TextMaven - Analyzer

Overview

Basically the Analyzer extracts words from any ASCII file. Its original intention was to gather statistical data on ebooks, like word occurences in the ebook. Over time it was enhanced to generate an input file which can be used by the Translator in order to produce vocabular files. A file containing stop words, i.e. which should not be considered in the process, can be specified on the command line. In addition, to generate a simple word list the ebook can be wrappend as HTML file with each word not contained in the stop word file linked to the vocabulary file to be produced with the Translator. This feature supports the production of a standalone HTML ebook which can be read online with all relevant vocabulary accessible by a single click.

Running the Analyzer

In order to run the analyzer, type the following commands:

cd %TM_HOME%\bin
set_env.bat
java  -Xmx256m -Dtextmaven.home=%TM_HOME% -cp %_tm_classpath% textmaven.application.analyzer.Main [options] [input-file]

The command file set_env.bat is provided for convenience reasons. It sets the environment variable _tm_classpath to the classpath required to run the analyzer. Also note that as a prerequisite the server should have been started.

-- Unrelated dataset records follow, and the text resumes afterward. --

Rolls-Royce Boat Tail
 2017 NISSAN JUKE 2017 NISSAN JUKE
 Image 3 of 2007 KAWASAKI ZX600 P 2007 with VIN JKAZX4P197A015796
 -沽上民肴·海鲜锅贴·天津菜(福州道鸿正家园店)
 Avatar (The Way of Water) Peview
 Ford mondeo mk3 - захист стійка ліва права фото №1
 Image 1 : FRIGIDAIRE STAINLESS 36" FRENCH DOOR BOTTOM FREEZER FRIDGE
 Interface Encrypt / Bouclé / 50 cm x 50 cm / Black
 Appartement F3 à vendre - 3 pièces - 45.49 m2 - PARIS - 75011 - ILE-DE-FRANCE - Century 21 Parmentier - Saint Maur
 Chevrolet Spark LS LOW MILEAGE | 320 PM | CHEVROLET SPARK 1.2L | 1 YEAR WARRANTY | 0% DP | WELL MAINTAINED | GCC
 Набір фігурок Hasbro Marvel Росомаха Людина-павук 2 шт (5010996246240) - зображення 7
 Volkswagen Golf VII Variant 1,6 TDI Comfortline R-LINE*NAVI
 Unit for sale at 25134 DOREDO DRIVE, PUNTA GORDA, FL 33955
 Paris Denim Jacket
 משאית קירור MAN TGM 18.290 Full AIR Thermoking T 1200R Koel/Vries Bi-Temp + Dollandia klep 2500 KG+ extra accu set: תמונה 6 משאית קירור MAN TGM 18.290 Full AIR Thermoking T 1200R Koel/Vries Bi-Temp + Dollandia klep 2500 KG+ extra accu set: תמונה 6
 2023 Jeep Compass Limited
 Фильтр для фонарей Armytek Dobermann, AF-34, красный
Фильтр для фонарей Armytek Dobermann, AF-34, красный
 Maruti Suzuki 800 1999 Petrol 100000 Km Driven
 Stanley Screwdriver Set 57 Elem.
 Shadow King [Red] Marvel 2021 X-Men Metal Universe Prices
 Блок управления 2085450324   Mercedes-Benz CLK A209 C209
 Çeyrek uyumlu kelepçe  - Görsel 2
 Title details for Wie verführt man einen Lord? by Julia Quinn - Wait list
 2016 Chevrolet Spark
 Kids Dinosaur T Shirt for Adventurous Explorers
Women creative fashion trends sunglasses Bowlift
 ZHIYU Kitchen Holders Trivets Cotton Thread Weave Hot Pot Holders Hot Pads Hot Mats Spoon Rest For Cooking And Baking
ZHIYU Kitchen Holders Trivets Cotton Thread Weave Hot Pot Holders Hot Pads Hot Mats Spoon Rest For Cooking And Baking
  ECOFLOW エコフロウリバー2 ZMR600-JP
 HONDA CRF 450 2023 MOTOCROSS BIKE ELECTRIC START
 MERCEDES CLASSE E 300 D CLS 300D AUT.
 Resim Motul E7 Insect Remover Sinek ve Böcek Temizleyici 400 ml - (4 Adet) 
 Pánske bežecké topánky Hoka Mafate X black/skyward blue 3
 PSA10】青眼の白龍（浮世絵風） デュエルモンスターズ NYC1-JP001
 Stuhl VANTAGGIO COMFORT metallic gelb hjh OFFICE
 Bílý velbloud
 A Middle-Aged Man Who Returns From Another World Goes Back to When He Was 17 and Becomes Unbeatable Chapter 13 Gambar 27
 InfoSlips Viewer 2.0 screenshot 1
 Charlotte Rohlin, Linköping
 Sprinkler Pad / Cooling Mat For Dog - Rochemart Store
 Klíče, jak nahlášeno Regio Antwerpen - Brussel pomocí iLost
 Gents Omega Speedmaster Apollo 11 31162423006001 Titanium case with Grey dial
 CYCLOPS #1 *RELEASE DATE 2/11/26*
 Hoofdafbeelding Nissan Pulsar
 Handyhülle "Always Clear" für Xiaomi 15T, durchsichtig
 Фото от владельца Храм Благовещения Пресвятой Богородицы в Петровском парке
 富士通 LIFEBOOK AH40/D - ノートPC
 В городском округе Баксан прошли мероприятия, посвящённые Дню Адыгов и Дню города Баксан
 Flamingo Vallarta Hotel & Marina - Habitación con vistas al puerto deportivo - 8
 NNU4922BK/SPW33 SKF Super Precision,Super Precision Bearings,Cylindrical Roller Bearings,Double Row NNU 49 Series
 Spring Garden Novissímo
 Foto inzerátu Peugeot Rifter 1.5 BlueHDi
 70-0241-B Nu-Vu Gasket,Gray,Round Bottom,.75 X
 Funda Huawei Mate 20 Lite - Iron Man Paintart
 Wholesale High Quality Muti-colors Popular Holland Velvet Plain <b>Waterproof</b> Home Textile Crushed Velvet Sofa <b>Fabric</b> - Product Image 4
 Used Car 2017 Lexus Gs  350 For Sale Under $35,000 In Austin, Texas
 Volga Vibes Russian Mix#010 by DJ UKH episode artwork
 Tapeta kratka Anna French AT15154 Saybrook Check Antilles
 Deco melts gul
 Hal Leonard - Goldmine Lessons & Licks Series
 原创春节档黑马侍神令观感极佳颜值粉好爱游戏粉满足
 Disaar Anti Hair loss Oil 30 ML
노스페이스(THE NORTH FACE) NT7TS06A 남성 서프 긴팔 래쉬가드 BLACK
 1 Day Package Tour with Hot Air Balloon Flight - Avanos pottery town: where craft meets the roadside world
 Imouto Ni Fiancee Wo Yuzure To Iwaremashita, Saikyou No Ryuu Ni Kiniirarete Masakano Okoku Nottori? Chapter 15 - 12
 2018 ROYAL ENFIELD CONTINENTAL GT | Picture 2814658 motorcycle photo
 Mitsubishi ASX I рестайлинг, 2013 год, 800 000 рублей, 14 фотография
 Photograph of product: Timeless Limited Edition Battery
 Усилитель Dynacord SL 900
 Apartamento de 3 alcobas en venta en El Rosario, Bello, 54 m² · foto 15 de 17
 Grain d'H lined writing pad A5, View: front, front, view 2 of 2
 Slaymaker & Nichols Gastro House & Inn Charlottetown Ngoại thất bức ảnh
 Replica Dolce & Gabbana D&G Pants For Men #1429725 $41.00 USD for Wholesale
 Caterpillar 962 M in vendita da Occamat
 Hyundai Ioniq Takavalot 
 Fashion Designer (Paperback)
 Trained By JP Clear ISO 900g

Instead of having to type the lengthy command line, the command file ta is provided.

cd %TM_HOME%\bin
ta [options]  [input-file]

Options and parameters submitted to the command file are directly passed through to the java program.

Options are:

-? Prints usage notes, as you are reading currently.
-o file Name of the output file. If none is specified output is written to the console.
-e files Lists of files which contain words to be excluded from processing. Words which are exluded are not written and not counted in the statistics. You can specify either a single file or comma separated list of files. If more than one file is specified they have to put in quotes.
-s char Character used to separate the word and the distribtion and occurence number. Default is ,
-nodist No distribution values are written. If this option is active, instead of writing the normalized form of the word read in the input, it is written as it was read.
-noocc No occurence values are written.
-v Verbose mode. If not set no output logging info is written to the console at all. In this case the output of the program can be piped to another program.
-sort asc|asc Sort output by their distribution values in ascending or descending order, by default: order by occurence.
-a[=n] Prints all words in the order they occurred without removing duplicates. The optional value n specifies the maximum number the word should be repeated.
-c[=n] Prints the context, i.e. sentences, the word occurred. If the word occurrs multiple times in the text, the value n specifies the maximum number of sentences to write to the output.
-m file Merge output of this program run with the specfied file. File has to be in the same format as it is produced by this program run
-h file Decorates the input file by wrapping each word in a hypertext link, linking the word to a vocabulary file which can be produced in a subsequent step with WordMagic. In order to accomplish this, take the output file specified with by the -o option and feed it into WordMagic. Note: The hypertext link will be directed to the file output-file_vocab.html. Thus, WordMagic has to be started accordingly using the option -f output-file_vocab.html. After having generated the vocab file with WordMagic the text can be viewed through the HTML file output-file_frame.html (see -h option)
-t template-file Specfies the template file to be used in combination with the -h option (See above). The default template file is template.html and is located in the bin directory.
-version Prints program version.

In order to produce output which can be processed by the WordMagic processor specify the options -noocc and -nodist to suppress distribution and occurence information.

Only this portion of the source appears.